◆ WHAT YOU NEED TO DO
When you set down the entries, keep every word exactly as it is but drop the pictures.

◆ INPUT DATA

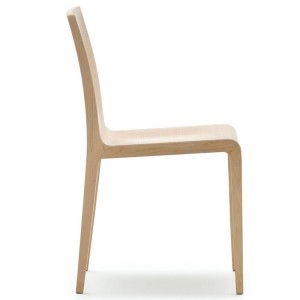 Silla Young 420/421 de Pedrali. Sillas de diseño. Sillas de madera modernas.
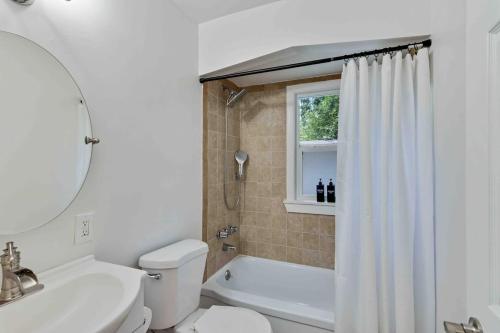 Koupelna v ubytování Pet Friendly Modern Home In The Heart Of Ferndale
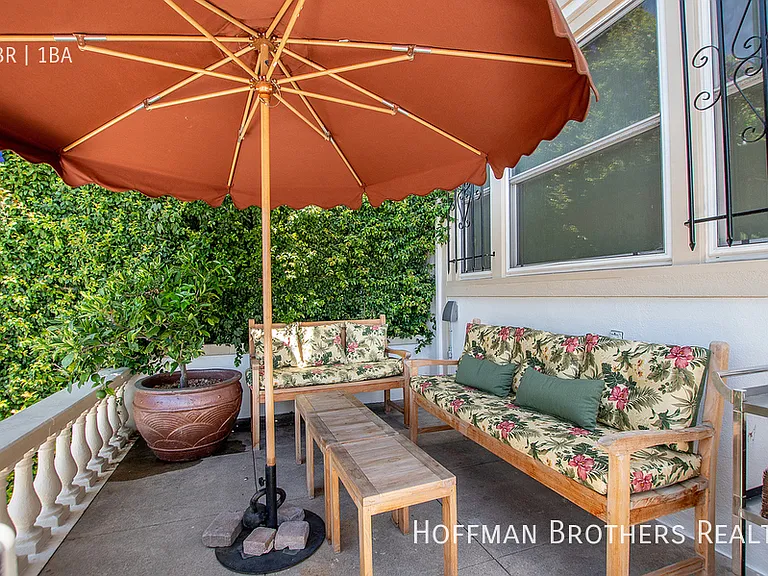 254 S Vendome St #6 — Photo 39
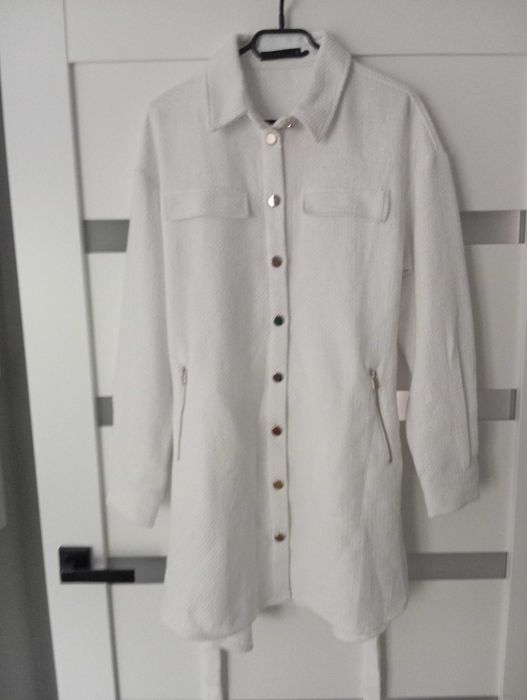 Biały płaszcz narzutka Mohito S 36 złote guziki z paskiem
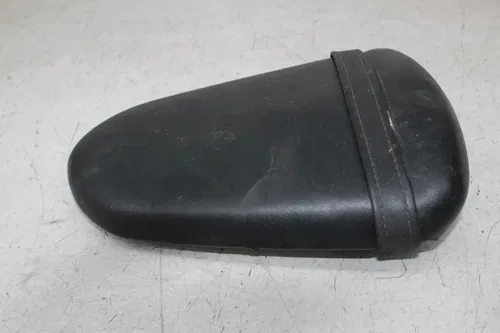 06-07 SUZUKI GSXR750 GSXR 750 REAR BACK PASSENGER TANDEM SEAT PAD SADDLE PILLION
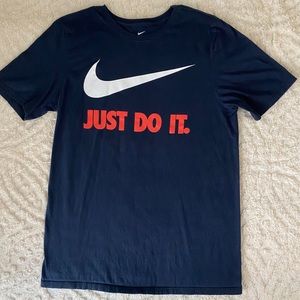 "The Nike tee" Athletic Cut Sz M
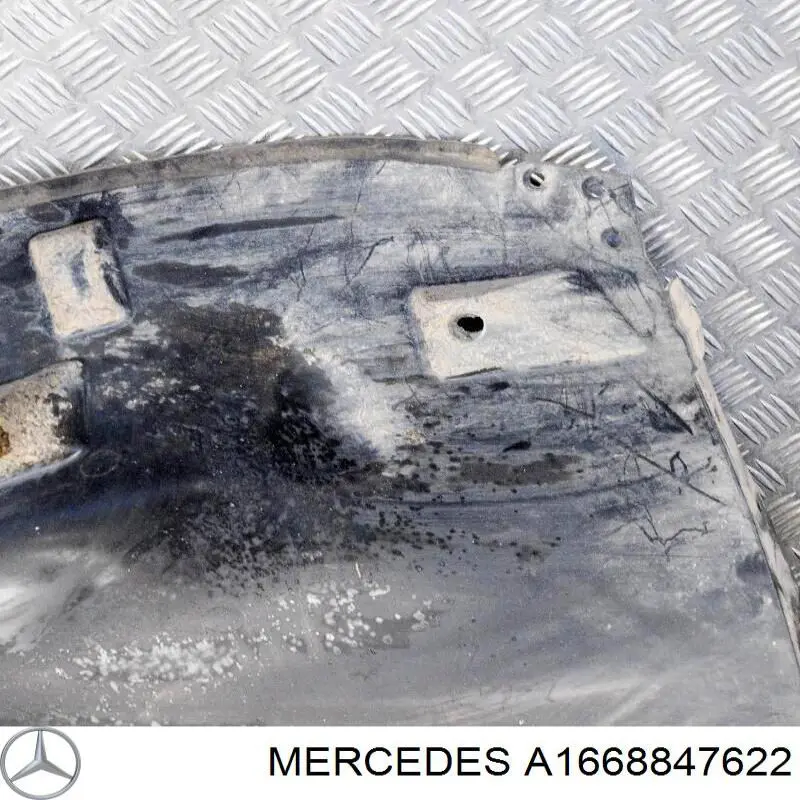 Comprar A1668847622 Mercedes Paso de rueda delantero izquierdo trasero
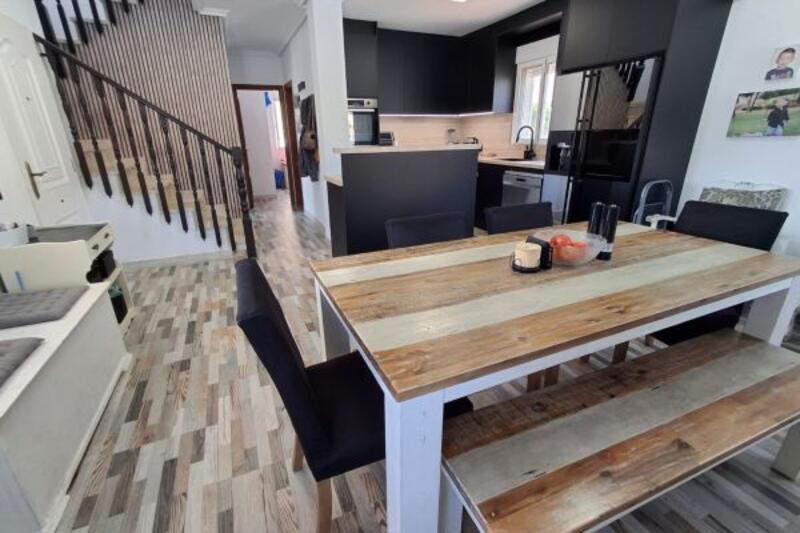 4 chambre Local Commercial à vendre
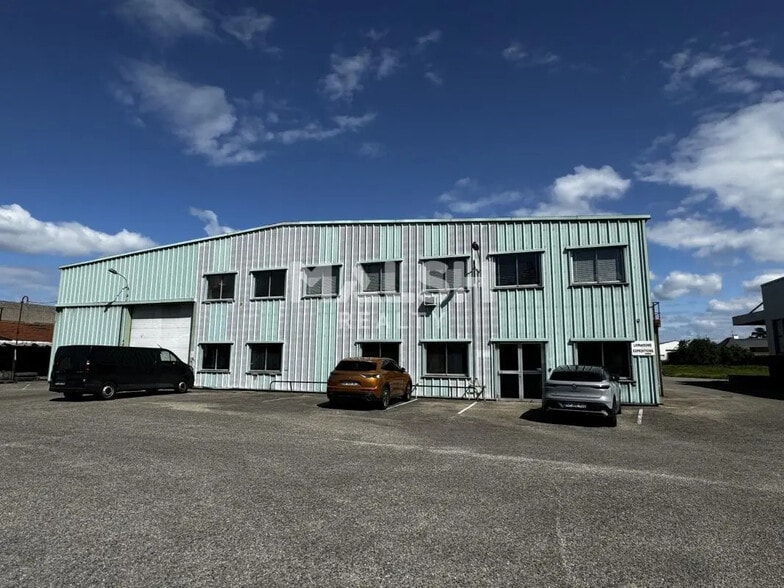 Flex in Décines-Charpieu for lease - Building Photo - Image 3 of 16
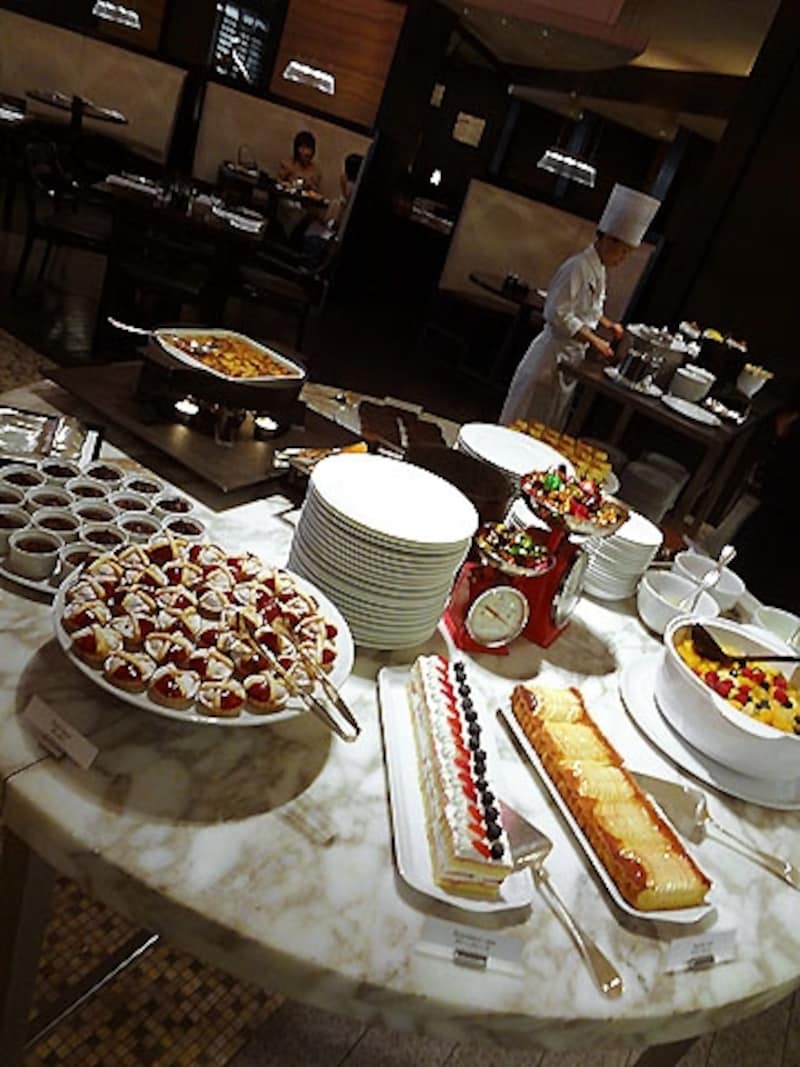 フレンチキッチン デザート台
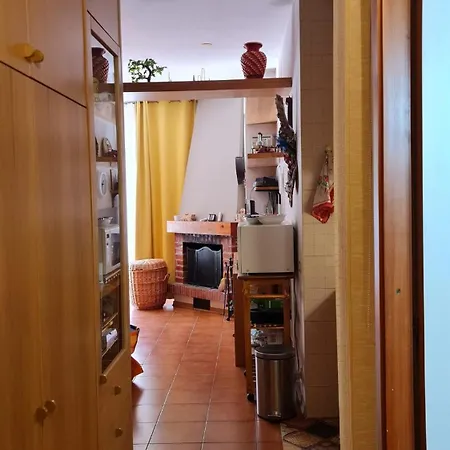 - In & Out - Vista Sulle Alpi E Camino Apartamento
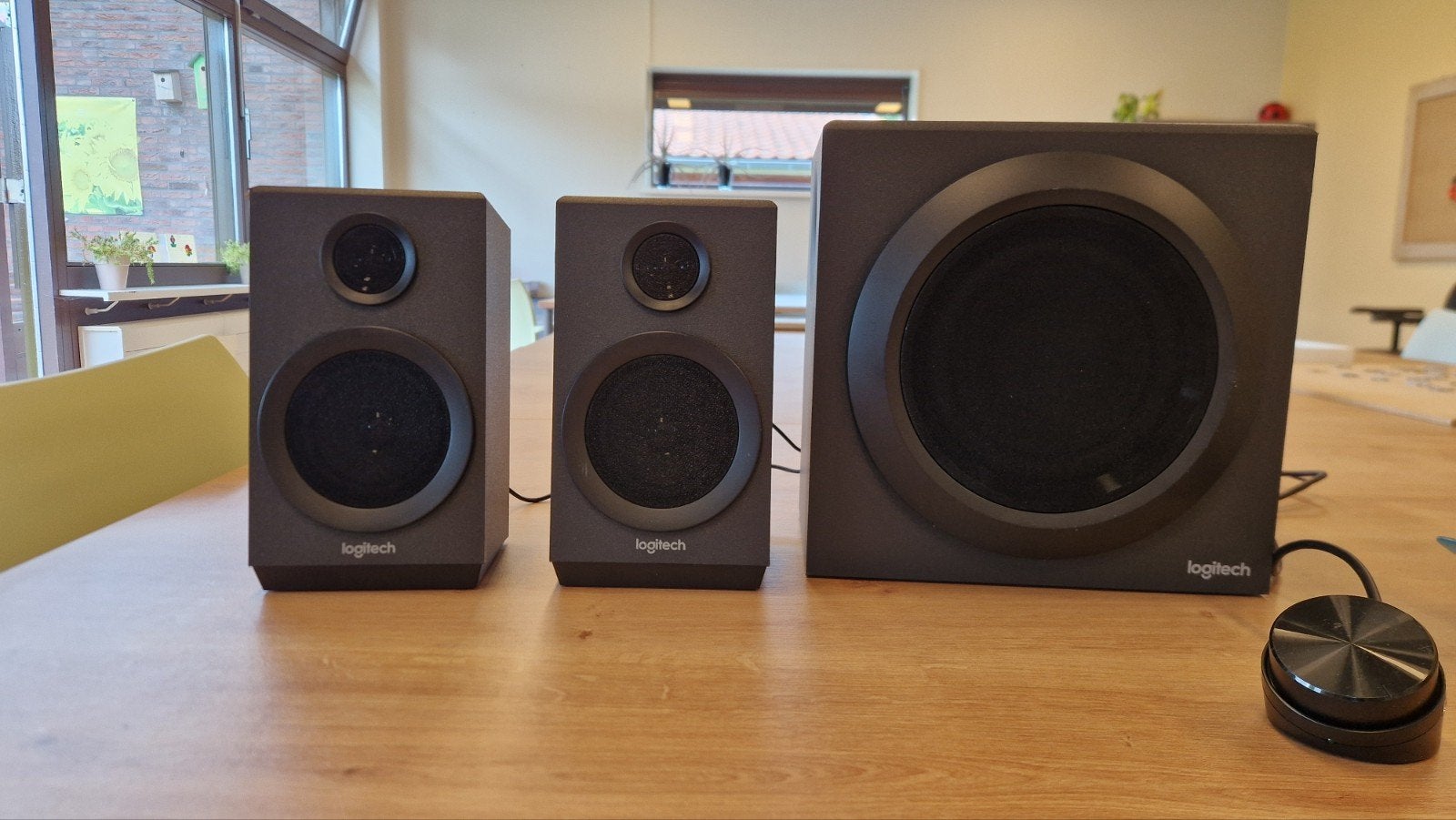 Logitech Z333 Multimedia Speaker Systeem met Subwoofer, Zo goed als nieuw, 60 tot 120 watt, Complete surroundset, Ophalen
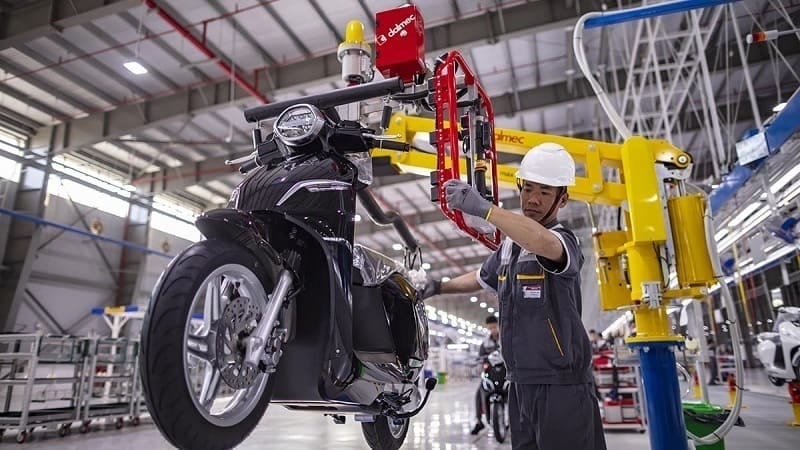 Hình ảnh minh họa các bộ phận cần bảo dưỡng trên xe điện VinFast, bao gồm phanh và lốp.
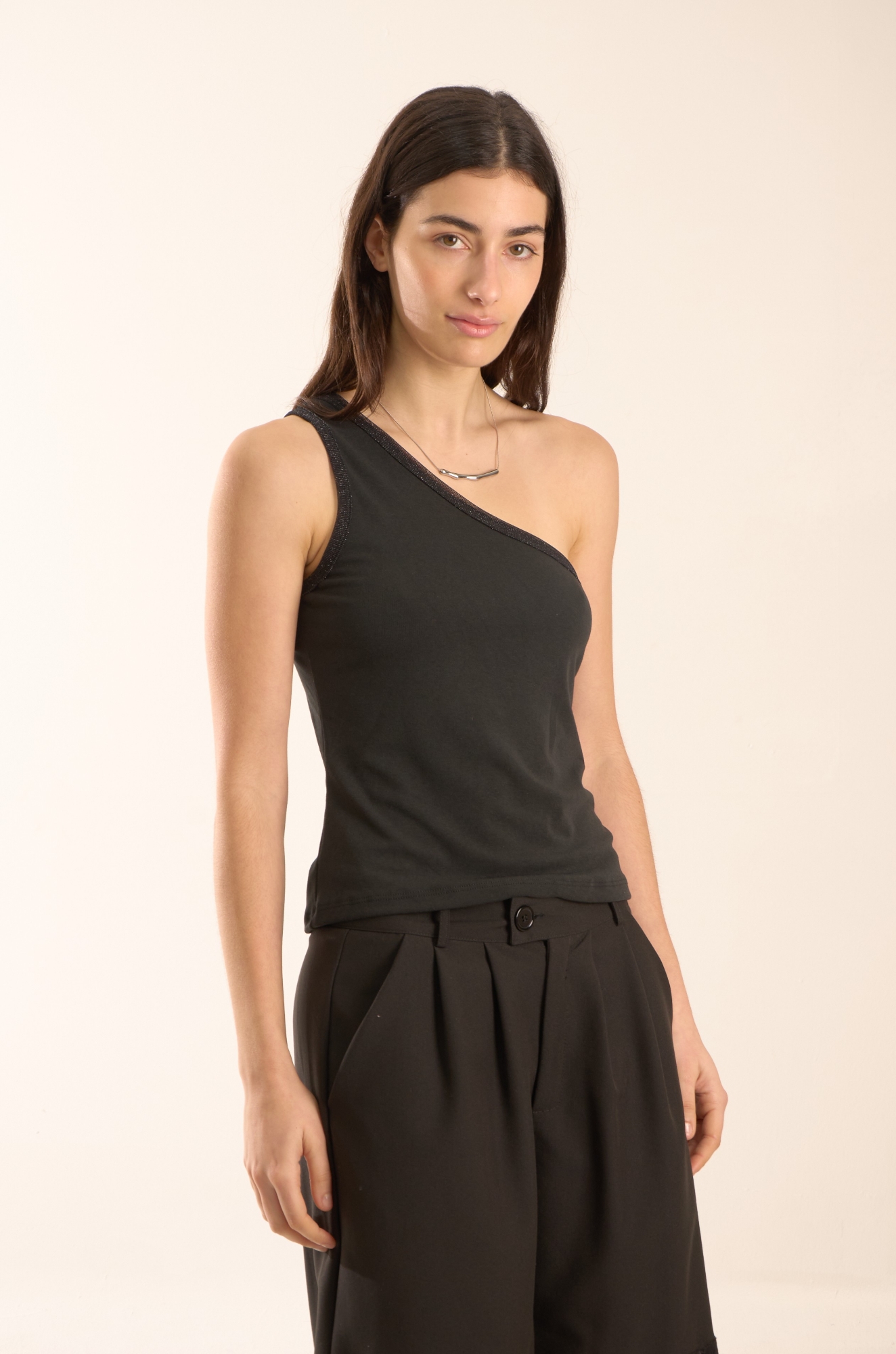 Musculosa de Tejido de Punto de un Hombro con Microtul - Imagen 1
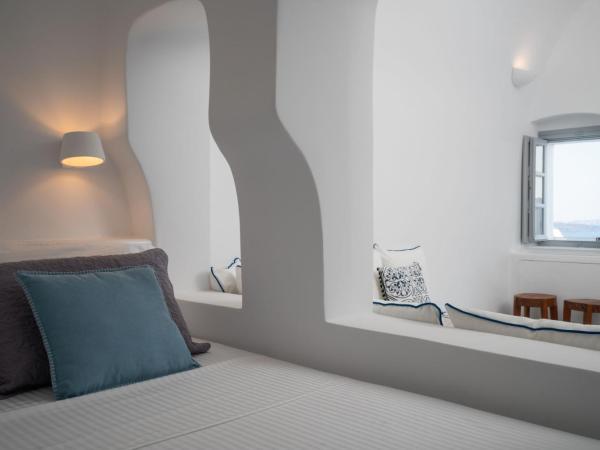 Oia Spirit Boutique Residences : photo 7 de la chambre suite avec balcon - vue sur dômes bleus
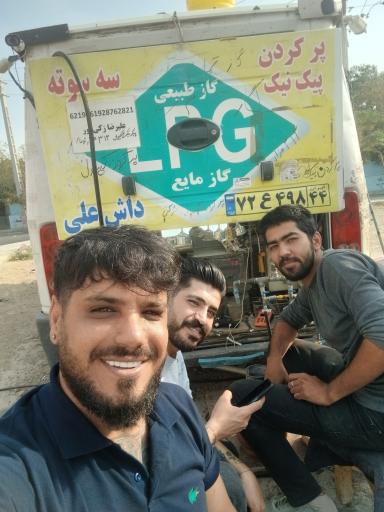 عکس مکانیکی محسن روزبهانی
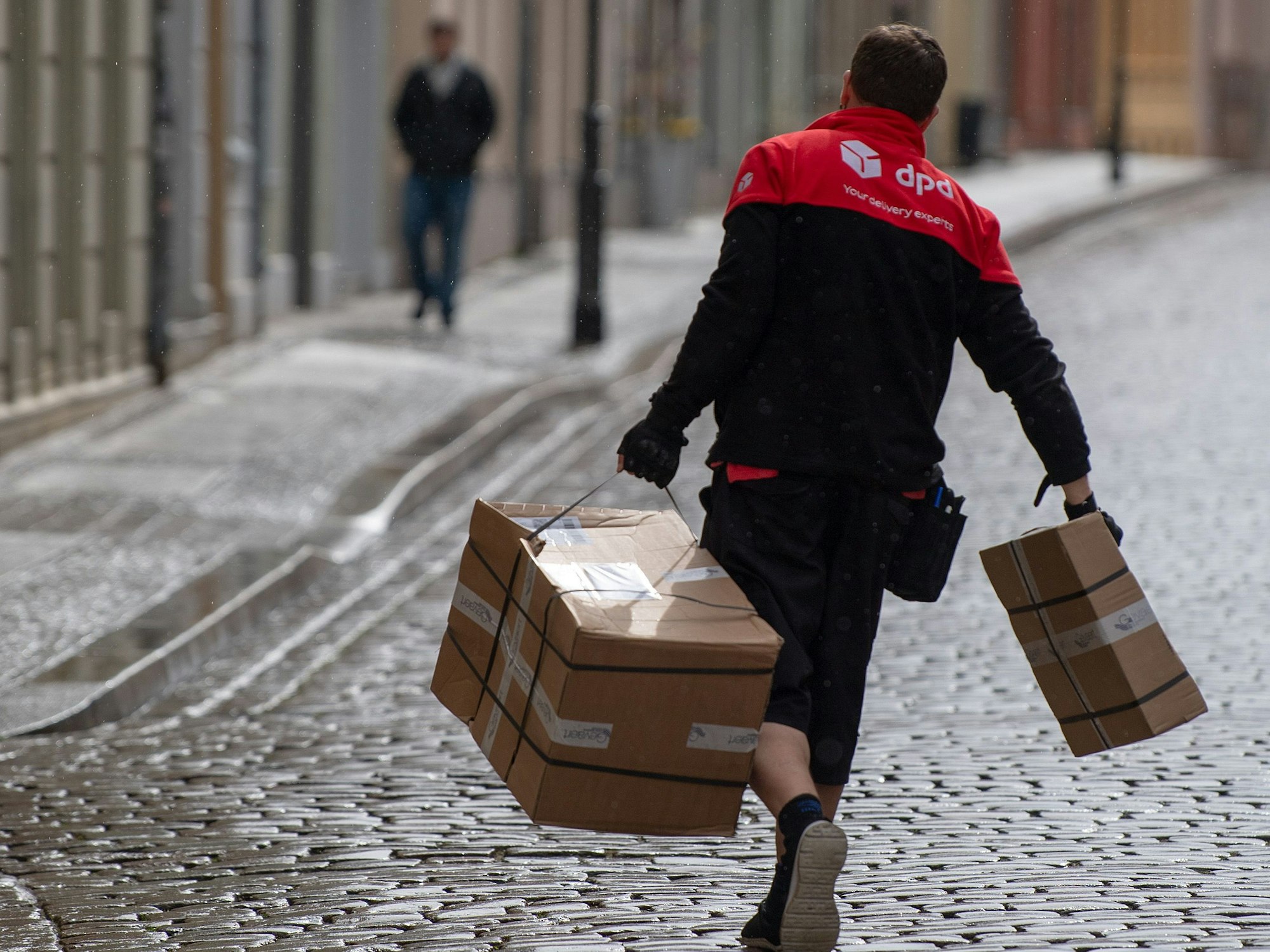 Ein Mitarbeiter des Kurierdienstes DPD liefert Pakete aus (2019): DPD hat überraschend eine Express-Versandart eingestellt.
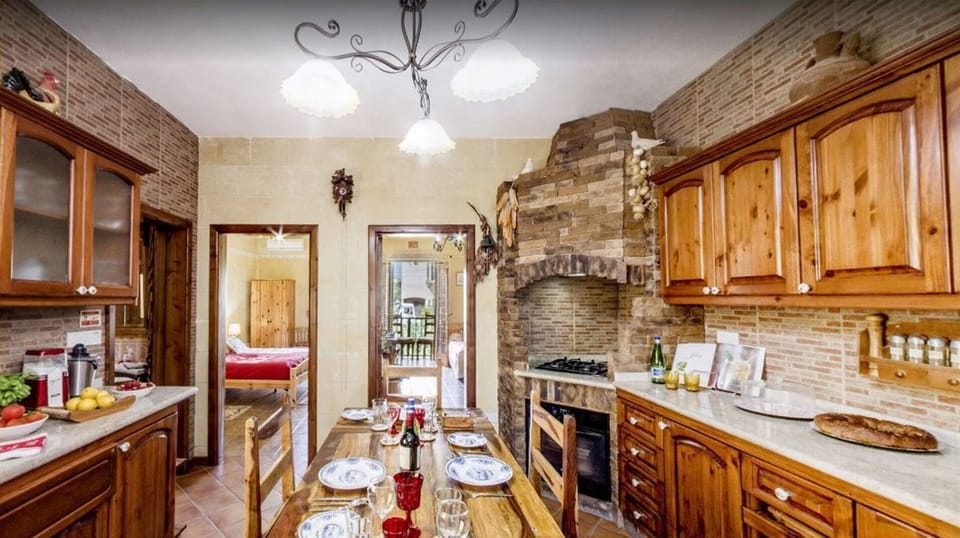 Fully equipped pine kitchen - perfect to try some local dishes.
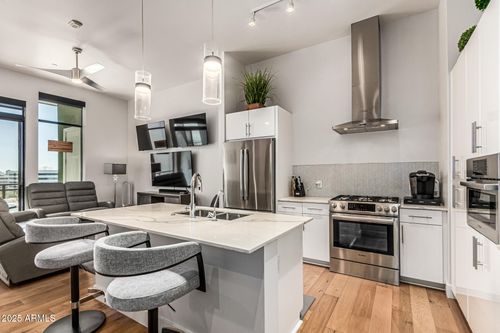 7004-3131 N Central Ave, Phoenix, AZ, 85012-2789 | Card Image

◆ COMPLETED TASK
 Silla Young 420/421 de Pedrali. Sillas de diseño. Sillas de madera modernas.
 Koupelna v ubytování Pet Friendly Modern Home In The Heart Of Ferndale
 254 S Vendome St #6 — Photo 39
 Biały płaszcz narzutka Mohito S 36 złote guziki z paskiem
 06-07 SUZUKI GSXR750 GSXR 750 REAR BACK PASSENGER TANDEM SEAT PAD SADDLE PILLION
 "The Nike tee" Athletic Cut Sz M
 Comprar A1668847622 Mercedes Paso de rueda delantero izquierdo trasero
 4 chambre Local Commercial à vendre
 Flex in Décines-Charpieu for lease - Building Photo - Image 3 of 16
 フレンチキッチン デザート台
 - In & Out - Vista Sulle Alpi E Camino Apartamento
 Logitech Z333 Multimedia Speaker Systeem met Subwoofer, Zo goed als nieuw, 60 tot 120 watt, Complete surroundset, Ophalen
 Hình ảnh minh họa các bộ phận cần bảo dưỡng trên xe điện VinFast, bao gồm phanh và lốp.
 Musculosa de Tejido de Punto de un Hombro con Microtul - Imagen 1
 Oia Spirit Boutique Residences : photo 7 de la chambre suite avec balcon - vue sur dômes bleus
 عکس مکانیکی محسن روزبهانی
 Ein Mitarbeiter des Kurierdienstes DPD liefert Pakete aus (2019): DPD hat überraschend eine Express-Versandart eingestellt.
 Fully equipped pine kitchen - perfect to try some local dishes.
 7004-3131 N Central Ave, Phoenix, AZ, 85012-2789 | Card Image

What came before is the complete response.